In the entries below, find the line with "Pittsburgh Wedding Videography" and the line with "Southern Tide Mahi". Return those two lines and all lines between them, exactly.

BEGIN Dataset

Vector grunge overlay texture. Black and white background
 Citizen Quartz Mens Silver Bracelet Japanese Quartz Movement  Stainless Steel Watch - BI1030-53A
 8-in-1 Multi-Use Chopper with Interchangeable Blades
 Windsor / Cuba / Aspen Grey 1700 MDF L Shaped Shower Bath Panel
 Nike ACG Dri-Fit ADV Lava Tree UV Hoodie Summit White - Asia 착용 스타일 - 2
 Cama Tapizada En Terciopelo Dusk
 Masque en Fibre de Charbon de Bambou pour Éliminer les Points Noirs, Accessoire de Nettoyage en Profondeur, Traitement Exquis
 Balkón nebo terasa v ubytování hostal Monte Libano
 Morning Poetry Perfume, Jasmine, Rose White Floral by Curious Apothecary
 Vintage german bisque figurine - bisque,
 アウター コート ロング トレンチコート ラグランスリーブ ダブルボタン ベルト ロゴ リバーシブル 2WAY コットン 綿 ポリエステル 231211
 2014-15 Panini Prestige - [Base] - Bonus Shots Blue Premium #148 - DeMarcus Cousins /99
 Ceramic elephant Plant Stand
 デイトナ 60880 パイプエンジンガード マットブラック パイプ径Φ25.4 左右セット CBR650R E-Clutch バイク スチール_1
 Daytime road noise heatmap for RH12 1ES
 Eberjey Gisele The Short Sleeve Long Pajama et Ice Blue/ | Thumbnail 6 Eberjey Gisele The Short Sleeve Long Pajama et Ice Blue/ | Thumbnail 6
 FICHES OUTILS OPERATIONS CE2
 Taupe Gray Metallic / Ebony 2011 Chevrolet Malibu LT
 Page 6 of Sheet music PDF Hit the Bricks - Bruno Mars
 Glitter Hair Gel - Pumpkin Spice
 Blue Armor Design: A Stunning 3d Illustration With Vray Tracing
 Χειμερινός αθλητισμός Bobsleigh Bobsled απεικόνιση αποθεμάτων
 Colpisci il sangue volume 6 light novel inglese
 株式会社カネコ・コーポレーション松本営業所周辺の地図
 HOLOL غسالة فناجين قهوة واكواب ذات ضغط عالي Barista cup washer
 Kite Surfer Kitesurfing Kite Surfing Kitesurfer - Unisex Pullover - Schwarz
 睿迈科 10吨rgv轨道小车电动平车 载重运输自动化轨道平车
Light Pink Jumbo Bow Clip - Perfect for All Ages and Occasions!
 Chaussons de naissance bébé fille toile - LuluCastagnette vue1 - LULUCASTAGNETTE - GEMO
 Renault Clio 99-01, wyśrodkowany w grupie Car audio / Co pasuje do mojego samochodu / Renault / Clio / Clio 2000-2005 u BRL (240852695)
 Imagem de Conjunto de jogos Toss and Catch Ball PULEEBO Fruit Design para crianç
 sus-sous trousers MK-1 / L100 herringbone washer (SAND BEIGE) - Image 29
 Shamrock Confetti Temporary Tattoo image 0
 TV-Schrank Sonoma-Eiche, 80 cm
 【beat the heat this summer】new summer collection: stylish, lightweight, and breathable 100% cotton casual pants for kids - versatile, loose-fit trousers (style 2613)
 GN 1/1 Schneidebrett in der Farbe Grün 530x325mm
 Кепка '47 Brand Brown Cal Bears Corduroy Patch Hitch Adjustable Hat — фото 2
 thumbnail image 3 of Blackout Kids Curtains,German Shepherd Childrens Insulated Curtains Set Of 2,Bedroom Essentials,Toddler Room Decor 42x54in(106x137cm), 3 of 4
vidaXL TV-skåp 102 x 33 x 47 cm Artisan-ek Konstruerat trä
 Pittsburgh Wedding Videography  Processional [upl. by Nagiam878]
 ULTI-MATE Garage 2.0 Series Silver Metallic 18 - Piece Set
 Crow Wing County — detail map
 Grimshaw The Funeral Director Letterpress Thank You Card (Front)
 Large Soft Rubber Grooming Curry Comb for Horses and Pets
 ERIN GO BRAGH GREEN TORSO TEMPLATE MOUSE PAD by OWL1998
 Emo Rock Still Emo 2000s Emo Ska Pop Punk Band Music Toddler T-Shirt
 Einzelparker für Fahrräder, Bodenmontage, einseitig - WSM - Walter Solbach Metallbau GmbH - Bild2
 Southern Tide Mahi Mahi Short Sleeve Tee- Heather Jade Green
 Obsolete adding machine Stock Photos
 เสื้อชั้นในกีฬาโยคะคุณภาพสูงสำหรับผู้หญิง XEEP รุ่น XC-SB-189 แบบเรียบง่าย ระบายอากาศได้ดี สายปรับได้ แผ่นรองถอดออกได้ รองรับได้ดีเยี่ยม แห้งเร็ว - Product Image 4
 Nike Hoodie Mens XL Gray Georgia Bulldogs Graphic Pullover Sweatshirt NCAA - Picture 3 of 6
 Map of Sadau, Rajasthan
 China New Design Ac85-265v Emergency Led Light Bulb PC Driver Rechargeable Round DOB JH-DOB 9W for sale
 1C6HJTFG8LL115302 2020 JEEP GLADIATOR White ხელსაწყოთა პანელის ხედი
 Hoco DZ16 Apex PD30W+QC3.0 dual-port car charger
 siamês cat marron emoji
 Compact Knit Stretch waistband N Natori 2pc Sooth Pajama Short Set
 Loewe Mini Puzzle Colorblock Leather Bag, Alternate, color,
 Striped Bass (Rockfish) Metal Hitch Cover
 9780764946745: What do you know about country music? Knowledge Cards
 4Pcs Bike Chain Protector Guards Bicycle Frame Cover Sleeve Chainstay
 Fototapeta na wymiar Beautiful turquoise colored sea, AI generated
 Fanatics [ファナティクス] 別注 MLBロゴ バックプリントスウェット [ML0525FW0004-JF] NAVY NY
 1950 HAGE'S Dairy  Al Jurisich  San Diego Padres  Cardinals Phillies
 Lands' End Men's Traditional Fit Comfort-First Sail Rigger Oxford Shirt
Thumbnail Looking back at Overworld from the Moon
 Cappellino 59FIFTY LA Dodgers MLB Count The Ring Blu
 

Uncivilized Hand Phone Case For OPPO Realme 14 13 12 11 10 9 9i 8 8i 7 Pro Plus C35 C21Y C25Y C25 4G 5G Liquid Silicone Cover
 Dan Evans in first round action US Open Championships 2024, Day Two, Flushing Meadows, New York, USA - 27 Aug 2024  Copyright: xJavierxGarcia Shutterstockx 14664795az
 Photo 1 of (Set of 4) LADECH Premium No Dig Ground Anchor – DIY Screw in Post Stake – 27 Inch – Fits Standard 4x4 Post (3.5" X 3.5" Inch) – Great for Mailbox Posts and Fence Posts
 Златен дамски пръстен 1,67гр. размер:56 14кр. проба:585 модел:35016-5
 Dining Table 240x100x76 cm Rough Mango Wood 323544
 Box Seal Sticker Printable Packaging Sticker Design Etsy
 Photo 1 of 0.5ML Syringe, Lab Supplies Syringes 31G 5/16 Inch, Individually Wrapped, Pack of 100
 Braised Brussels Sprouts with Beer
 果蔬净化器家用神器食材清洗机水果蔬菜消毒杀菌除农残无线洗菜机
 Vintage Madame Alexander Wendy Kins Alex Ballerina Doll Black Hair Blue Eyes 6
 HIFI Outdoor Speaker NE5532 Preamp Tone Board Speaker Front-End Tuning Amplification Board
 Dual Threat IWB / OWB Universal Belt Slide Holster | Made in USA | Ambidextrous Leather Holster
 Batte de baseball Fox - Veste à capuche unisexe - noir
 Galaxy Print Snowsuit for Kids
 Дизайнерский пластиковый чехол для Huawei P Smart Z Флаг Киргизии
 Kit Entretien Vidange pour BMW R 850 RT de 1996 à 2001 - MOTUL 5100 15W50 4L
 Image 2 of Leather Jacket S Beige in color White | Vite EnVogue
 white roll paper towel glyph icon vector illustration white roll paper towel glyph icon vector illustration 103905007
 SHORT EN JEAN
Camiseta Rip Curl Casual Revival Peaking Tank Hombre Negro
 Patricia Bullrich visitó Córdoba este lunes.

END Dataset

Written answer.
 Pittsburgh Wedding Videography  Processional [upl. by Nagiam878]
 ULTI-MATE Garage 2.0 Series Silver Metallic 18 - Piece Set
 Crow Wing County — detail map
 Grimshaw The Funeral Director Letterpress Thank You Card (Front)
 Large Soft Rubber Grooming Curry Comb for Horses and Pets
 ERIN GO BRAGH GREEN TORSO TEMPLATE MOUSE PAD by OWL1998
 Emo Rock Still Emo 2000s Emo Ska Pop Punk Band Music Toddler T-Shirt
 Einzelparker für Fahrräder, Bodenmontage, einseitig - WSM - Walter Solbach Metallbau GmbH - Bild2
 Southern Tide Mahi Mahi Short Sleeve Tee- Heather Jade Green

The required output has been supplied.